Ścigali przestępcę, tir potrącił policjanta
Historia ma swój początek w Skarżysku Kamiennej. - Około godz.18 dwaj policjanci patrolujący miasto oznakowanym radiowozem rozpoznali w audi 19-letniego przestępcę skazanego na 10 miesięcy pozbawienia wolności, którego należało doprowadzić do najbliższego komisariatu albo aresztu śledczego. Mężczyzna ten nie reagował na próby zatrzymania go, więc policjanci ścigali samochód aż do Baraku pod Szydłowcem. Tam mężczyzna wysiadł z auta i pobiegł w stronę lasu. Policjanci podejrzewali, że mógł mieć broń, dlatego dwukrotnie ostrzegawczo strzelili w powietrze. W ujęciu dziewiętnastolatka pomagał też pies tropiący - relacjonuje rzecznik świętokrzyskiej policji Zbigniew Pedrycz.

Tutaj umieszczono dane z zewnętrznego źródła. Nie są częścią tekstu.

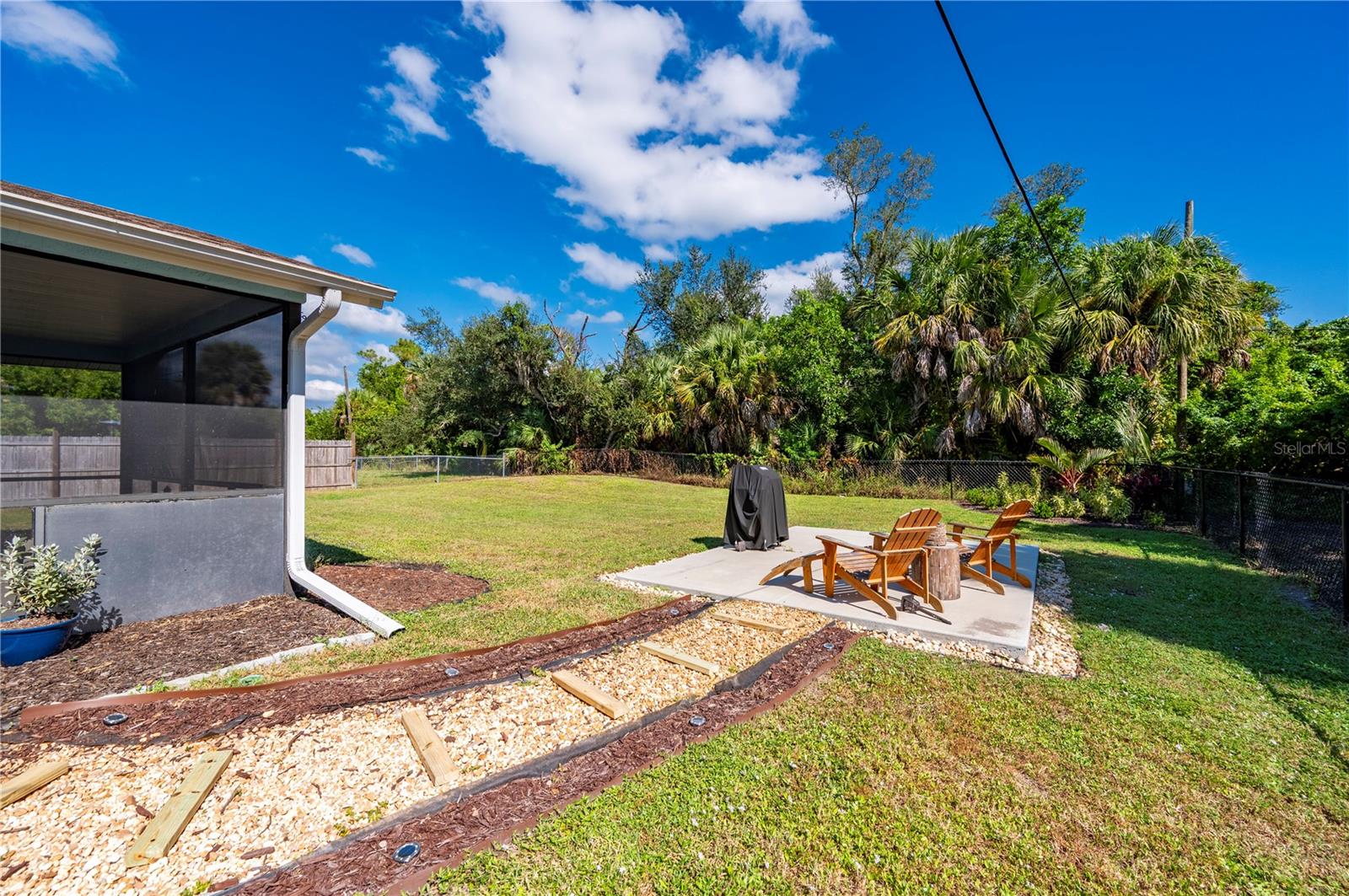 Image 24 of 55 For 357 Lenoir Street Nw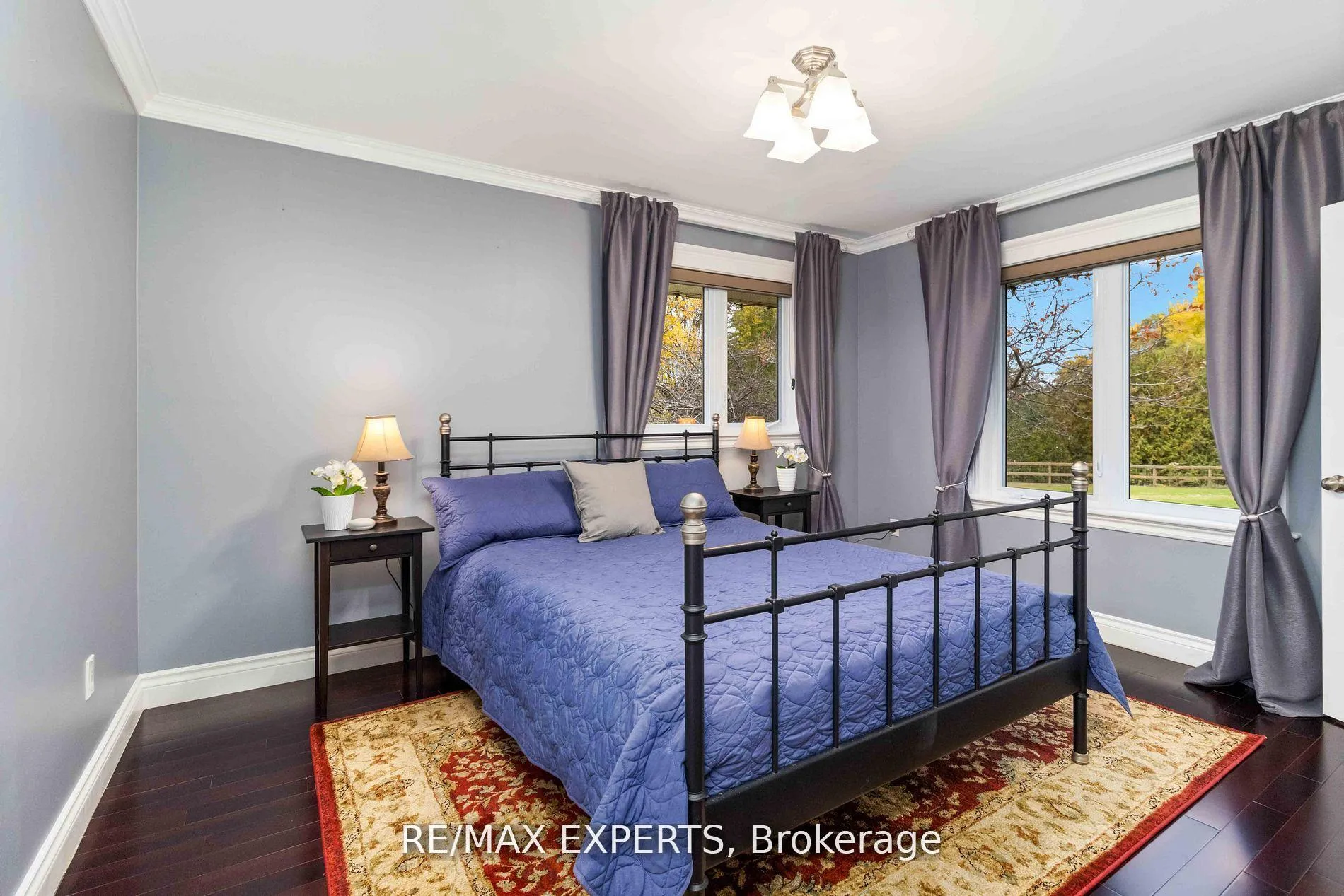 Photo 14 of 20 Leonard Road, King, Schomberg — HOMEH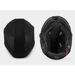 HORNTOUR New Professional Helme Proecive Gear Snow Goggles Inegraed Warmh Unisex Ani-Collision Adul Ski_desvips.com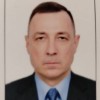 Брызгалин Александр МВД по РБ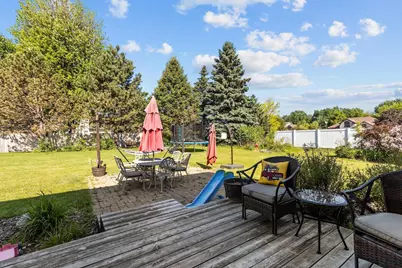3497 Rosenberry Court, Appleton, WI 54914 - Photo 43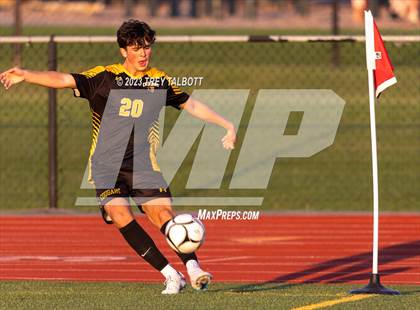 Thumbnail 3 in Greece Olympia @ Honeoye Falls-Lima photogallery.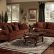 Living Room Traditional Living Room Furniture Marvelous On Intended For Lovable Ideas Top Home 19 Traditional Living Room Furniture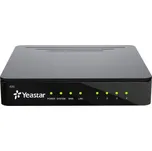 Yeastar S20 (310A670)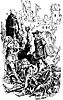 beauty_21045_th.gif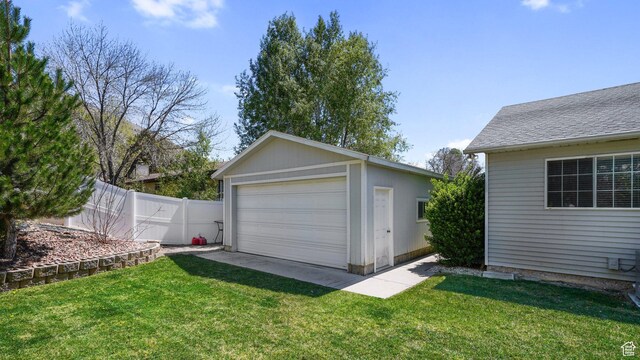 1161 E 200 N, Pleasant Grove, UT 84062 - photo 30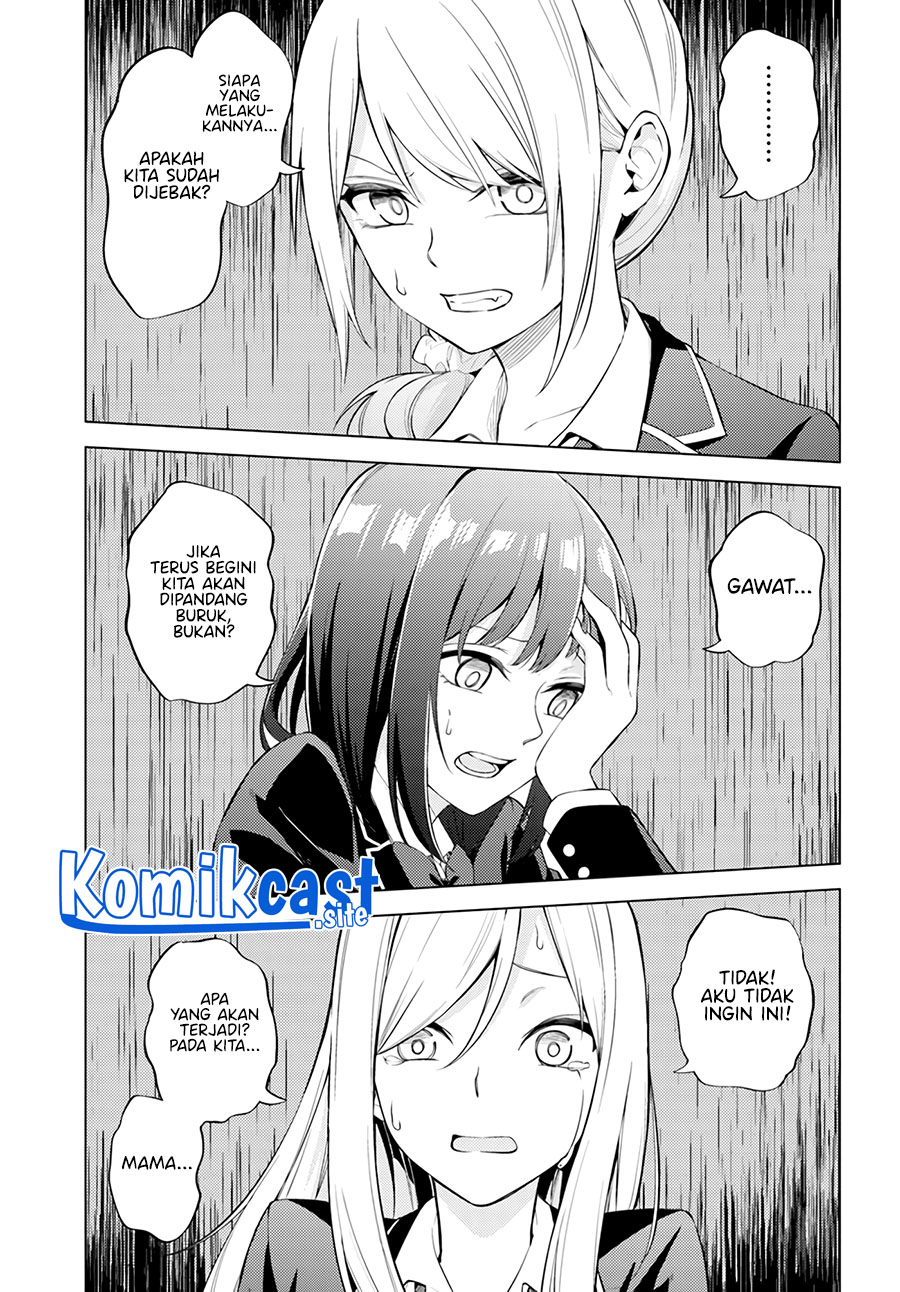Chapter 4 - halaman 20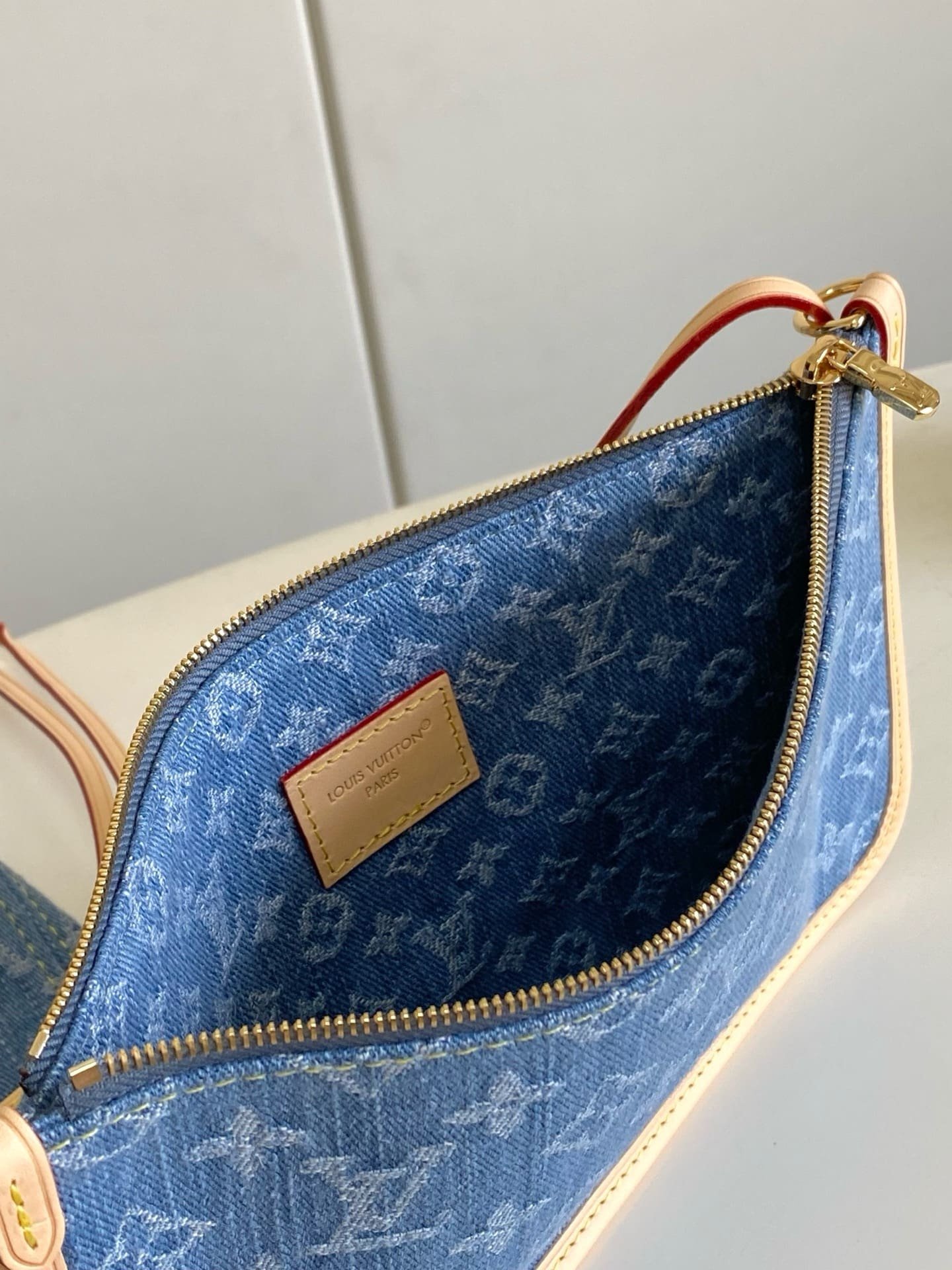L0vis Vvtt0n M13192 Neverfull MM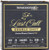 WIN LAST CALL DOUBLE 12GA 1-1/4OZ BB 25/10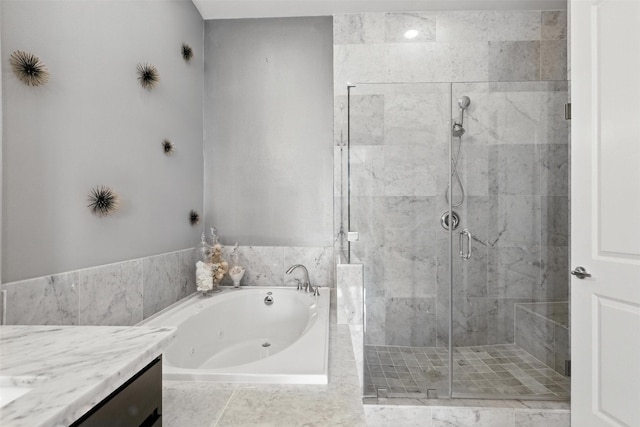 6017 Allen St, Houston, TX 77007 - photo 13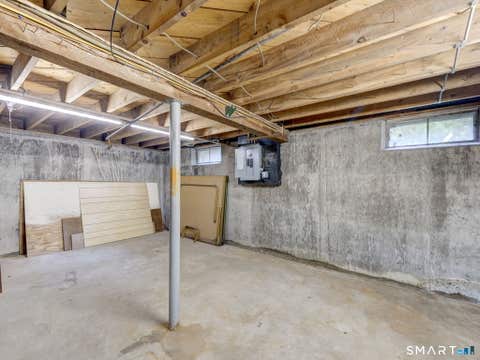 Tiny photo for 11 Forest Lane, Bloomfield, CT 06002 (MLS # 24198519)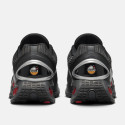 Nike Air Max Dn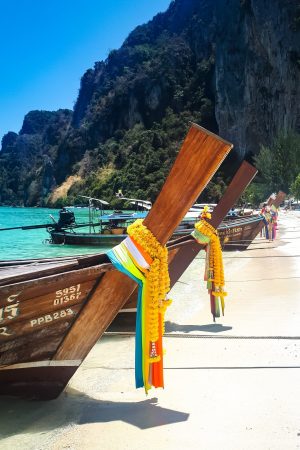 saad-irfan-H3o9FLfbqZ4-unsplash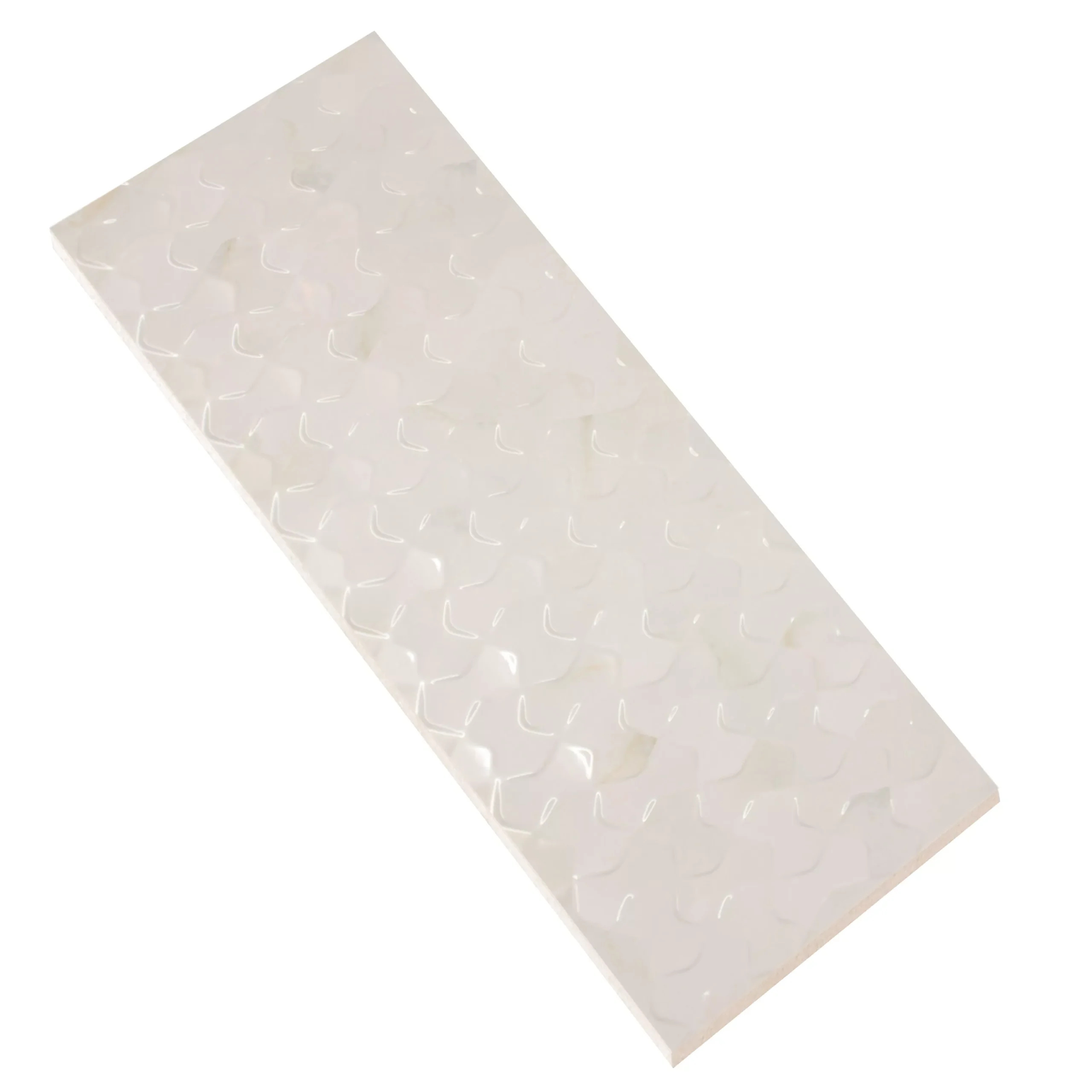 Wandfliesen Sarnia 40x120cm Kimball Dekor 4 Wandfliesen Sarnia 40x120cm Kimball Dekor – Bild 2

Do tragicznego wypadku doszło w chwili, gdy jeden z policjantów próbował udrożnić ruch samochodów na trasie nr 7. - To była bardzo szybka akcja i w jej trakcie 25-letni funkcjonariusz został potrącony przez przejeżdżającego drogą tira. Jest ranny, ma złamaną podstawę czaszki - dodaje rzecznik.
Kierowcę ciężarówki policjanci zatrzymali dopiero w Szydłowcu. - Gonili go funkcjonariusze ze Skarżyska, choć i nasi byli przygotowani, by założyć blokadę - wyjaśnia Rafał Sułecki z Komendy Wojewódzkiej Policji w Radomiu. Jak podkreśla, kierowca tira tłumaczył się, że zagapił się na to, co dzieje się na drodze i nie zauważył, że potrącił człowieka.